What is required: The required lines are those that contain "Sale"; pull them out of the data and copy them.

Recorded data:
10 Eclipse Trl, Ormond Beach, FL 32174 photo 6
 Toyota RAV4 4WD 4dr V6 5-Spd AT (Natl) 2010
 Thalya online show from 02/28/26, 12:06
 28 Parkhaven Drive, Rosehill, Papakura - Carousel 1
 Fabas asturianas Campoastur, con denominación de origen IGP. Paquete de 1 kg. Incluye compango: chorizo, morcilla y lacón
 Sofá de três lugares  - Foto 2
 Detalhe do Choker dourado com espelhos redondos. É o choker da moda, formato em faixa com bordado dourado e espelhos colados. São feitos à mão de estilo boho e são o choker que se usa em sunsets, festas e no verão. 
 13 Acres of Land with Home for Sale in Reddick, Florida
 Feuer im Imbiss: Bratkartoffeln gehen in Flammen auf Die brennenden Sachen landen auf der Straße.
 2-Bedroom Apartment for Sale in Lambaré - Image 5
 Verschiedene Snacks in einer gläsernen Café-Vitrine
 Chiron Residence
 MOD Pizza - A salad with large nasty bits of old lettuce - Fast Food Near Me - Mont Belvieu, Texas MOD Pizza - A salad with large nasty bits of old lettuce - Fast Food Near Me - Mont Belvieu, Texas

Answer below:
 13 Acres of Land with Home for Sale in Reddick, Florida
 2-Bedroom Apartment for Sale in Lambaré - Image 5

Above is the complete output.